Totally normal. It will (almost) always use 100% of whatever you put in.
Here's how memory works in 10.9-->
About memory management in OSX 10.9 Mavericks
Memory is managed differently, and more efficiently in 10.9. It is (mostly) unique in the industry, but may become trend.
Let’s start with the basics. Mechanical disk drives are very slow, with access speeds in the 10s of milliseconds and transfer rates in the 200-400 Mbps range real world. SSDs are much faster, on the order of a couple of ms access and typically 1200-3000 mbps transfer rates. RAM is much faster than either, in the nanosecond access and transfer speeds of ~8 Gbps effective (1 GHz x 8 bits/byte).

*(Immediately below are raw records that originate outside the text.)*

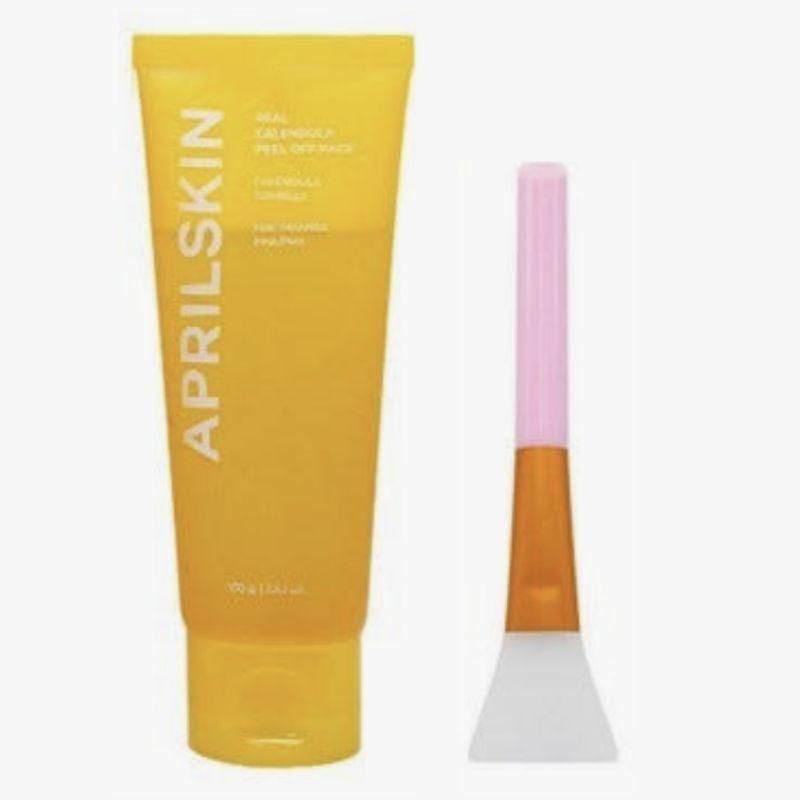 

APRILSKIN Real Calendula Peel-Off Pack 100g + Silicone Mask Brush (Free Gift)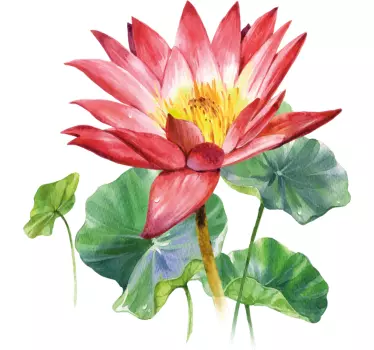 Wall sticker lotus blossom design - TenStickers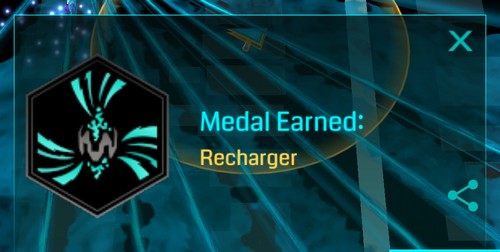onyx recharger badge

These are rough numbers for comparison purposes only.
So the goal is to keep as much in RAM as possible. But if you run out of RAM what do you do?
Traditionally you take the least used RAM and write it to a special part of the disk, in a way that you can access it most efficiently - minimizing the disk delays. This is called a swap file because you swap RAM in and out of it.
10.9 has a new trick: it compresses RAM using the main processors. Rather than swapping stuff to disk (disks are slow), it actually uses the processor to compress memory and make, for example, 1 GB of physical RAM hold as much as 1.5GB. Similar approaches are used to make MP3 files 10x smaller than the real thing - there is redundancy in data and you can take advantage of that. Apple is making the following calculation: the processors can compress way faster than the disk can swap. And its also predicting that the processors are often partly idle - waiting for swap files or disk access. So rather than swap files around, its compresses the files ***in RAM***.
Compression works,. Tests show that on average it is faster, and that 4GB (i have 4 GB RAM) acts like 5 1/2 - 6GB. Wow.
So, 10.9 will load up most of your RAM, knowing that it can compress some when it needs to. So don’t worry too much that it may look like all your RAM is taken - yea, it is, but its OK.
The measures to look at are:
1. amount compressed. Compression means it has run out of RAM and needs more. As long as compression is low this is fine. In fact this is how 10.9 uses RAM more efficiently than 10.6,7 or 8. Contrary to common wisdom, it requires LESS RAM than 10.8. The colored indicator tells you who this is going - green (good), yellow( iffy) and red (bad).
2. amount swapped. Once it cannot compress any further, or can’t do so efficiently, jot begins old-fashioned swapping. This is a major slow-down and means you would benefit from more RAM. Tiny amounts are OK.
here's an article by Apple - but on th pre-10.9 memory management techniques....mostly still true, but read on.
http://support.apple.com/kb/HT1342?viewlocale=en_US
Bottom line - compression makes 10.9 use RAM more efficiently than previous OSX versions. It also makes the “ram used” indicator less meaningful, and mans you should monitor “compression” .
That said, RAM has always been one of the most cost effective upgrades possible. People spend too much on new machines and too little on more RAM.